By the end of this session, you will be able to:

Explain how timestamp-based serial order constrains concurrency - Describe why a transaction may need to abort even after reading a valid snapshot.
Trace the OCC lifecycle from read phase to commit validation - Follow Harbor Point's reservation transactions through speculative execution, conflict checking, and retry.
Reason about production trade-offs - Decide when optimistic schemes outperform lock-heavy coordination and when contention turns retries into the dominant cost.

Core Concepts Explained

Concept 1: Timestamp ordering is a claim about which transaction must appear first

Harbor Point's R1 and R2 problem is not "who touched the row last?" It is "can the final history still be explained as if one transaction happened entirely before the other?" Timestamp ordering answers that by assigning each transaction a position in a serial order, often with a start timestamp, a commit timestamp, or both. Once the engine makes that choice, every read and write has to be consistent with it.

In the textbook form, each logical item keeps metadata such as read_ts(X) and write_ts(X). If transaction T=105 wants to read item X, but write_ts(X)=110, then a newer transaction has already written a value that should appear after T in serial order. Letting T read now would mean an "older" transaction saw the future, so T must abort. If T wants to write X, but some newer transaction has already read or written X, the same problem appears in the other direction: the write would arrive too late to fit the chosen ordering.

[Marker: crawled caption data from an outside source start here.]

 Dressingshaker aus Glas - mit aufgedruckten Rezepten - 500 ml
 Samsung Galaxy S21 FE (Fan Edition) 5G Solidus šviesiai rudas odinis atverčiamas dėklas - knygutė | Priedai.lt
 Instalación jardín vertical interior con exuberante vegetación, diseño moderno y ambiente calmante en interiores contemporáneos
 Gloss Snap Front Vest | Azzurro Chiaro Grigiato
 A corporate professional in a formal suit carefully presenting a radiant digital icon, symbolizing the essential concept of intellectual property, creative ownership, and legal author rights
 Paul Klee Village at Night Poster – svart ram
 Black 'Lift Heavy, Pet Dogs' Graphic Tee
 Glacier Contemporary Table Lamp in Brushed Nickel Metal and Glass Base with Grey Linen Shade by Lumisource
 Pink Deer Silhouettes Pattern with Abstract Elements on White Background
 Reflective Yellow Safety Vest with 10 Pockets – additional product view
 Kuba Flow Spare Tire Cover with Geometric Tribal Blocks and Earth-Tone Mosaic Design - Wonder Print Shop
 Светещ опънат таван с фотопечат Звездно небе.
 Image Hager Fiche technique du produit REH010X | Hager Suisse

For Harbor Point, imagine the issuer exposure aggregate or the relevant index range for open reservations carries version metadata that effectively says, "a transaction newer than R1 has already consumed this state." If R1 now tries to write based on an older assumption, timestamp ordering rejects it. The database is not being conservative for style points; it is refusing a history that cannot be serialized without contradiction.

That explains both the power and the limit of basic timestamp ordering. It gives a clean rule for conflicts on tracked items, and it can avoid long lock waits because the losing transaction restarts instead of blocking. But real invariants often live on predicates and ranges, not single rows. Harbor Point's issuer cap depends on "all open reservations for MUNI-77," so a production engine needs index-range tracking, predicate locking, dependency tracking, or another way to represent the fact that a new row in that range changes what the transaction was allowed to conclude.

Concept 2: OCC lets transactions run first and proves safety at validation time

Optimistic concurrency control takes the same serial-order goal and turns it into an execution strategy. Instead of checking every operation against the global order immediately, the engine lets the transaction do most of its work speculatively. The classic shape is read phase, validation phase, then write phase.

For Harbor Point, R1 reads the current open reservations for issuer MUNI-77, computes that another 0.5M reservation would still fit under the cap, and prepares its insert in a private workspace. It has not changed the durable table yet. While R1 is thinking, R2 does the same thing. Both transactions look locally correct because each is reading a consistent snapshot and staging private writes.

At commit time, the engine chooses a serialization point and asks a narrower question than "did anything happen?" It asks, "did any transaction that committed since my snapshot change something that would have changed my decision?" For a simple item update, that might mean a read-set or write-set intersection. For Harbor Point's issuer-cap rule, the validation surface is broader: a newly inserted reservation in the MUNI-77 range changes the result of the aggregate query, so it conflicts even if the two traders inserted different rows.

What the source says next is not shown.